Toda la información captada por nuestros sentidos llega al cerebro, pero sólo somos conscientes de una minoría. Tenemos atención selectiva, que nos permite discriminar entre los diferentes estímulos visuales e ignorar los que resulten irrelevantes. Pero el inconsciente sí los recibe, y en ocasiones nos fuerza a actuar. Los investigadores realizaron un sencillo experimento en el que iban pasando imágenes, bajo el umbral de detección, de hombres y mujeres desnudas a varones heterosexuales, gays y mujeres. Imaginémonos mirando el punto central de una pantalla en la que van apareciendo imágenes idénticas a derecha e izquierda, pero que de tanto en tanto alguna oculta un desnudo subliminal. Ni nos enteramos, pero analizando movimientos de cabeza y cambios de atención los investigadores observaron que los hombres heterosexuales respondían positivamente a las mujeres desnudas e ignoraban las imágenes masculinas, mientras que con los gays y las mujeres ocurría todo lo contrario. Incluso algunos hombres heteros apartaban la mirada ante la percepción inconsciente de chicos desnudos. Cuando alguien nos diga «¡se te va la mirada!», y curiosamente sólo sea hacia la belleza procedente de un género determinado, podemos responder confiados: «¡Exacto! Se va sola. Es mi inconsciente. Yo no soy responsable. Lo dice un artículo de la revista PNAS».

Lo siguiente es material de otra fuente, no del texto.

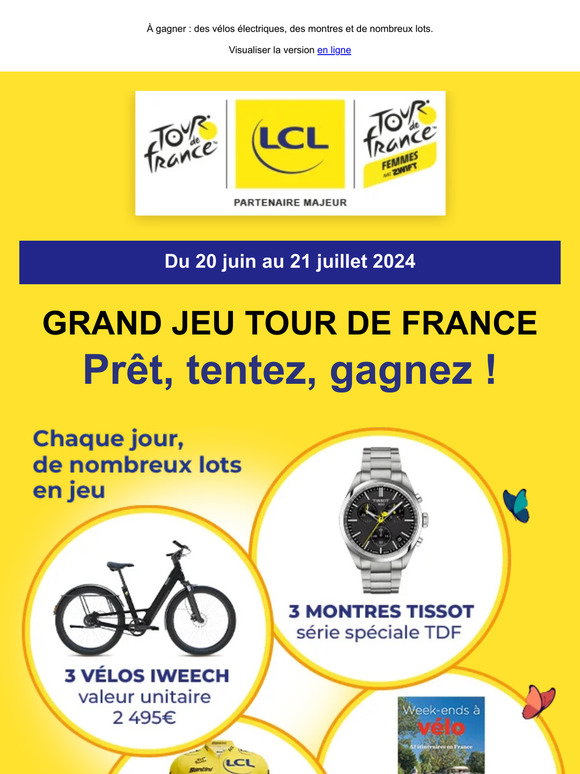 Peluche Lion LCL Tour De France 2018 - Maillot Jaune - 30 Cm - Grand Modèle - France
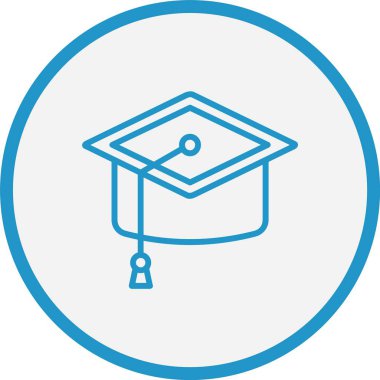 Mezuniyet Cap Hattı Mavi Çember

Una idea provocadora y mucho más especulativa es que el gran poder de la pornografía, especialmente en hombres, procediera de una supuesta activación de circuitos responsables de la imitación, en la que podrían estar involucradas neuronas espejo. Involucradas en el aprendizaje y la imitación, estas neuronas existen en muchos mamíferos y son circuitos neuronales que se activan cuando el animal ve a otro realizar una acción determinada. No se sabe todavía su influencia real en humanos, pero algunos autores sugieren que podrían estar relacionadas con la empatía, o el hecho de que ver sonreír a alguien induce en nosotros otra sonrisa y cierto bienestar. En parte vivimos la experiencia ajena como propia. Si esta lógica fuera correcta, ver pornografía podría no ser sólo un estímulo visual sino un mecanismo para activar también los circuitos del placer, haciéndonos en cierta medida sentir que formamos parte de la acción. Insisto en que es especulativo, pero un estudio publicado en 2006 por Jorge Ponseti en la revista Neuroimage observó que las imágenes pornográficas activaban la corteza frontal premotora, área donde —de existir— se situarían las neuronas espejo. Si fuera el caso, el porno no sólo nos excitaría por lo que vemos sino porque activa partes del cerebro relacionadas con la imitación, haciéndonos creer que estamos involucrados en el acto sexual. A mí lo que me sorprende es que, siendo una respuesta tan poderosa, los neurocientíficos no utilicen el porno para analizar la existencia y papel de las neuronas espejo o circuitos de empatía.
Queda claro que si bien los aportes de la neurociencia al estudio del sexo serán impactantes, todavía resultan incipientes y no ofrecen ni de cerca una explicación global de la conducta sexual humana. Por eso debemos dar un salto hacia la psicología experimental, que analiza nuestra mente y comportamiento desde afuera en lugar de desde adentro.